Des obstacles majeurs restent à surmonter : mobiliser des financements en vue d'apurer des comptes encore déséquilibrés ; délimiter les périmètres de compétence ; trouver une solution aux questions liées aux charges de fonctionnement. Néanmoins, il est apparu à ce stade nécessaire, voire indispensable, de disposer d'un cadre légal partagé pour à la fois faire converger les initiatives et tenir les délais – car le temps presse.
À ce jour, les besoins de financements pour réparer et moderniser la totalité du réseau d'eau potable et d'assainissement s'élèvent à plus de 900 millions d'euros, étalés sur une dizaine d'années. Il s'agit là de concours financiers colossaux pour lesquels l'intervention de l'État et les fonds européens sont essentiels.

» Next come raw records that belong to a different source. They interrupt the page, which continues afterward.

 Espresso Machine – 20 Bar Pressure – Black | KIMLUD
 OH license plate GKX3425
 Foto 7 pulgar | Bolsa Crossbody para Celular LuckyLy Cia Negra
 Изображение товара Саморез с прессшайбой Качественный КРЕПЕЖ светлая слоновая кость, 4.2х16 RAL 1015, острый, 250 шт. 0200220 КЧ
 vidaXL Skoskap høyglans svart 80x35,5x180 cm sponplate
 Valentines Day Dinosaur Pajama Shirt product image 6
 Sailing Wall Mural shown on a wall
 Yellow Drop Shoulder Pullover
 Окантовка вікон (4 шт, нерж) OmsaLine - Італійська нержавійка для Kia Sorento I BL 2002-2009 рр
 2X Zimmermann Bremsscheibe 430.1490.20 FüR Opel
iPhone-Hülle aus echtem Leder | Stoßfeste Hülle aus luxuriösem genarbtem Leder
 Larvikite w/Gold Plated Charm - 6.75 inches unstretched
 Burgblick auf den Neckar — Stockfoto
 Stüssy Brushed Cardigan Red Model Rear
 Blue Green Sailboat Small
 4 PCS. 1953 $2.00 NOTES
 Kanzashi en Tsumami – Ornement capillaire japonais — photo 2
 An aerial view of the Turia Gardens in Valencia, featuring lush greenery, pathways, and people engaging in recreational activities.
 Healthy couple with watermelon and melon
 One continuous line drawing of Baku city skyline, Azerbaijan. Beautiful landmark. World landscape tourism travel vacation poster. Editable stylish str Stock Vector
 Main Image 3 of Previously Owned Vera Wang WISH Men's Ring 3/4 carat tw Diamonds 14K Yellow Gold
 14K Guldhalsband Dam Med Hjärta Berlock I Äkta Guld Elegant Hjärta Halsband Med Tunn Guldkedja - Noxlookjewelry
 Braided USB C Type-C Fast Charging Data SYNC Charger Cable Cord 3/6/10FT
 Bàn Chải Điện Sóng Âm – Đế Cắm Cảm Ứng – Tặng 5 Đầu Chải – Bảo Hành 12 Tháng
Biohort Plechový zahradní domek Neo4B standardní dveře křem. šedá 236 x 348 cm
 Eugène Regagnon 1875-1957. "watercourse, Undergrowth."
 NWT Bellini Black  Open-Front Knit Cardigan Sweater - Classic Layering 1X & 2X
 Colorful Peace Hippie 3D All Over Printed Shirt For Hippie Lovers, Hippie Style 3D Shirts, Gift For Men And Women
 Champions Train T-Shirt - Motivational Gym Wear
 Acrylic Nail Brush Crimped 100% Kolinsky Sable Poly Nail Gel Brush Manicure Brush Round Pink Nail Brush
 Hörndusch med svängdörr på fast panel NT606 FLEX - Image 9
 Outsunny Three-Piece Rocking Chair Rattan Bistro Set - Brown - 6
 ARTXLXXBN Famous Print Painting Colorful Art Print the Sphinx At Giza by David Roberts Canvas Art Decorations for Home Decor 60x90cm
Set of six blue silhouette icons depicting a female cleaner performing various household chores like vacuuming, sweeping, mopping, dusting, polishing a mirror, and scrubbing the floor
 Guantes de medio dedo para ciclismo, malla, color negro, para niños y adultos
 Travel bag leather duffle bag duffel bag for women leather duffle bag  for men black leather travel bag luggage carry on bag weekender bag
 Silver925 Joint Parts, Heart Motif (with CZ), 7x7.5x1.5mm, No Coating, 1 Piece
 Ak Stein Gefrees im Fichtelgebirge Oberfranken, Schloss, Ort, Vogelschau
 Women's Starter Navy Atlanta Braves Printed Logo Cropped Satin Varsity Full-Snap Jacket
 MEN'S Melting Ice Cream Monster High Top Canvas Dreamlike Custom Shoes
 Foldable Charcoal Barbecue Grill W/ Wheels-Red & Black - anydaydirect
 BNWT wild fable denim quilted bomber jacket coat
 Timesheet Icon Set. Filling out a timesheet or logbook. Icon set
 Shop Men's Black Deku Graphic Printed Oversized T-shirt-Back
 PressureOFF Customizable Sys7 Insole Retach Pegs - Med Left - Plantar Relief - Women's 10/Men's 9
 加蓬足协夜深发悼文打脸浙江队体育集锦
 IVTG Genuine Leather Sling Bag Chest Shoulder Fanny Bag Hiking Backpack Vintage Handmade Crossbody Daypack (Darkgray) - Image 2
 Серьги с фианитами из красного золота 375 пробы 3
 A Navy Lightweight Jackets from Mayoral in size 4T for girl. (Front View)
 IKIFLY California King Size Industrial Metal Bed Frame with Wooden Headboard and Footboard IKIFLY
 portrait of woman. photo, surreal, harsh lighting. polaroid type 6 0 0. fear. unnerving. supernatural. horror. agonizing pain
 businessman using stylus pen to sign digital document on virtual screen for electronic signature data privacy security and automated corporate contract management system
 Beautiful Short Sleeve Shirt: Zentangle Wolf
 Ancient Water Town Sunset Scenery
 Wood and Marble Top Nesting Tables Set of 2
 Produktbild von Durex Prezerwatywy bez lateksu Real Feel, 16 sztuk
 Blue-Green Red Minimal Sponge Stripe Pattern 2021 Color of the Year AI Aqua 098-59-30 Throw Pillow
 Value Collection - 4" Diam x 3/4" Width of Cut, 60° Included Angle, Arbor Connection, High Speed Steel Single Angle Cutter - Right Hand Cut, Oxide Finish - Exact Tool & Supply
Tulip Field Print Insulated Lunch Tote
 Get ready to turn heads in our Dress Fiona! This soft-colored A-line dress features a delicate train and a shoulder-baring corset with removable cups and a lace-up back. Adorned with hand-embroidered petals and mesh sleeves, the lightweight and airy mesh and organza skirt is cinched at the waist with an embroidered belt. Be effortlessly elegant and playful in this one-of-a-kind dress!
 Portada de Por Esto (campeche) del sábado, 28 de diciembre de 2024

La proposition de loi ne remet pas en cause les compétences légitimes des EPCI. Il s'agit, non de substituer à eux, mais de leur fournir un support. L'objectif consiste, dans un premier temps, à mettre en cohérence toutes les initiatives des acteurs et à établir le cadre d'un dialogue constructif avec l'État et les autres partenaires publics. La proposition de loi constitue une feuille de route partagée, évolutive et proactive, dans le plus pur esprit républicain, avec la responsabilité comme ligne directrice.
Avant de conclure, je souhaite remercier l'ensemble des acteurs institutionnels, publics et privés, de s'être rendus disponibles pour les auditions, ainsi que les parlementaires, députés et sénateurs, pour leur présence et leurs contributions.